━━ The input ━━

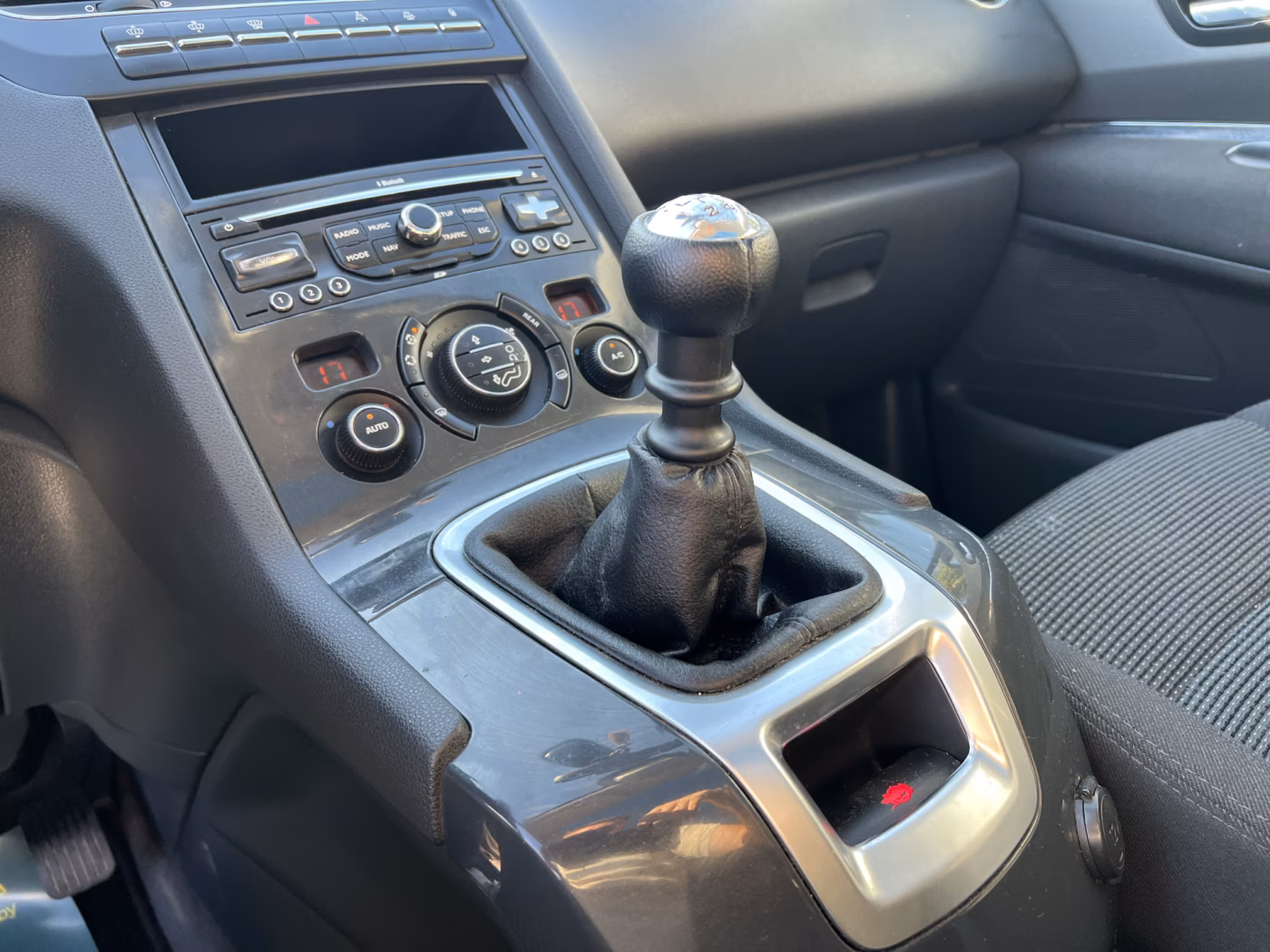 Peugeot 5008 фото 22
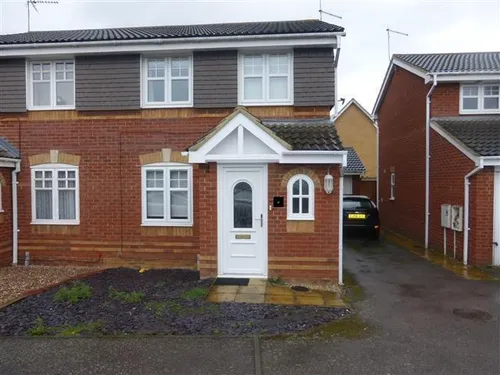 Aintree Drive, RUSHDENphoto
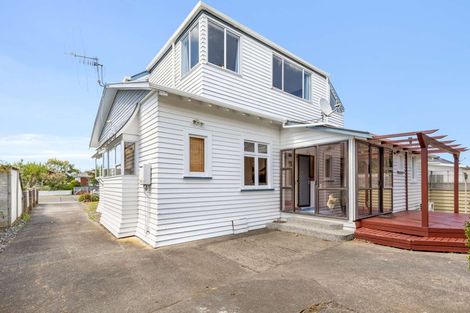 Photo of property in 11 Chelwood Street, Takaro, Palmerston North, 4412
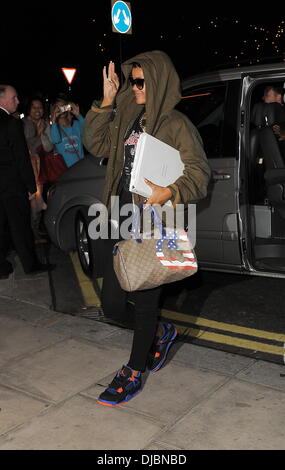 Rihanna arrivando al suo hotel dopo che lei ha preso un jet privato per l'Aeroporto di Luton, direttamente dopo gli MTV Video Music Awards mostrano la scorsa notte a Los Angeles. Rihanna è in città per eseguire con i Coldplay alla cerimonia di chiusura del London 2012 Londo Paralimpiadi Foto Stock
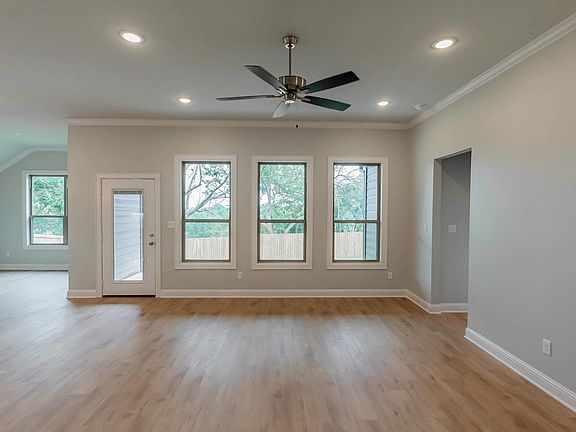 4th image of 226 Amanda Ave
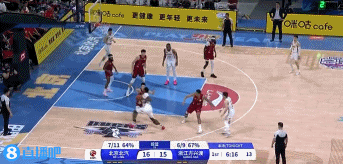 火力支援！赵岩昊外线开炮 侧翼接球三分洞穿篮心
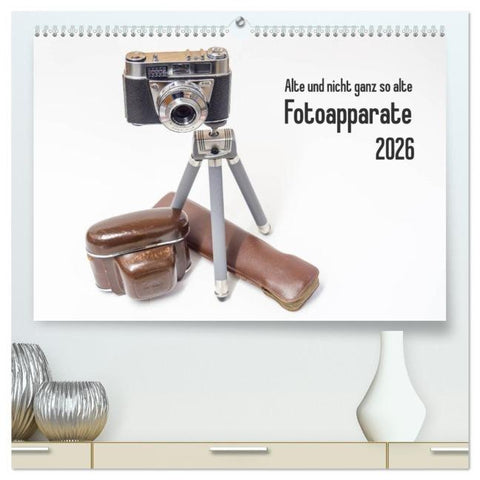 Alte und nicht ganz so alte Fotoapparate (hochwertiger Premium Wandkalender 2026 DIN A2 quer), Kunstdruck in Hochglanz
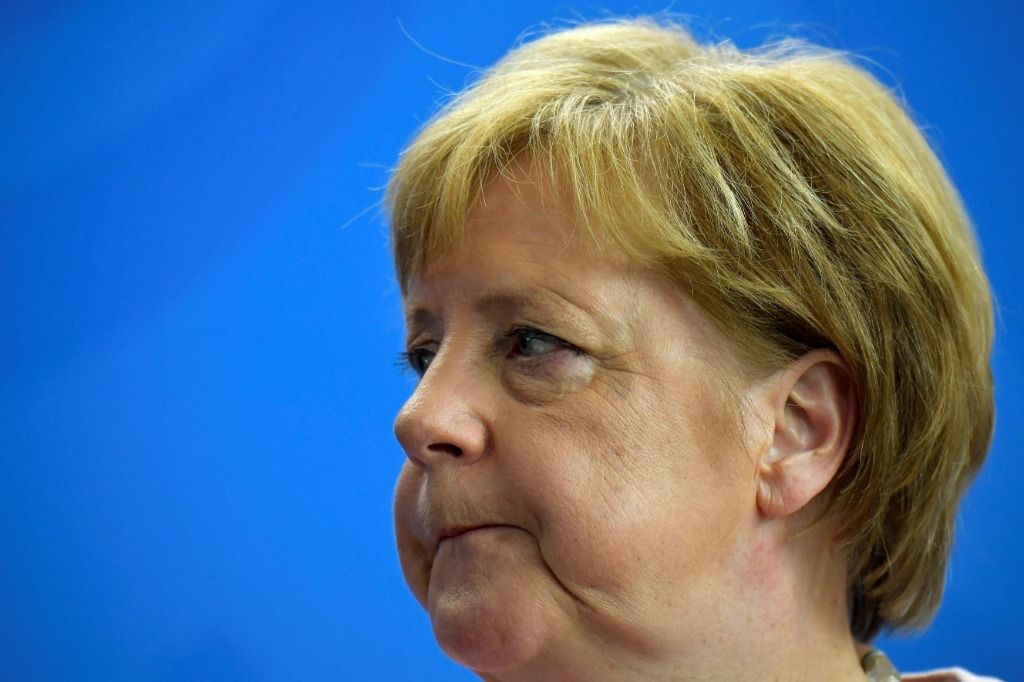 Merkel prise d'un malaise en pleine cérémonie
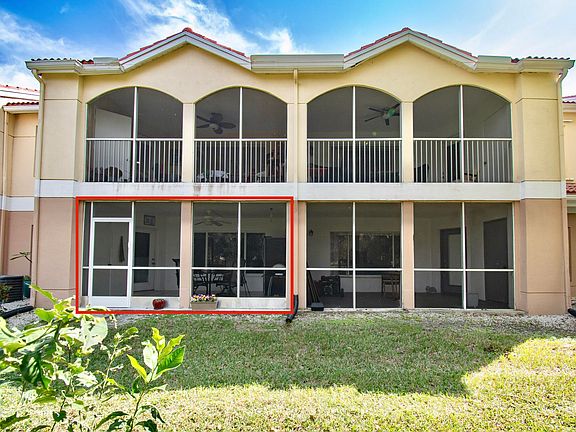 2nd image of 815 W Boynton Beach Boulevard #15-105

━━━

I'd like every record printed exactly, with the pictures left out.

 Peugeot 5008 фото 22
 Aintree Drive, RUSHDENphoto
 Photo of property in 11 Chelwood Street, Takaro, Palmerston North, 4412
 Rihanna arrivando al suo hotel dopo che lei ha preso un jet privato per l'Aeroporto di Luton, direttamente dopo gli MTV Video Music Awards mostrano la scorsa notte a Los Angeles. Rihanna è in città per eseguire con i Coldplay alla cerimonia di chiusura del London 2012 Londo Paralimpiadi Foto Stock
 4th image of 226 Amanda Ave
 火力支援！赵岩昊外线开炮 侧翼接球三分洞穿篮心
 Alte und nicht ganz so alte Fotoapparate (hochwertiger Premium Wandkalender 2026 DIN A2 quer), Kunstdruck in Hochglanz
 Merkel prise d'un malaise en pleine cérémonie
 2nd image of 815 W Boynton Beach Boulevard #15-105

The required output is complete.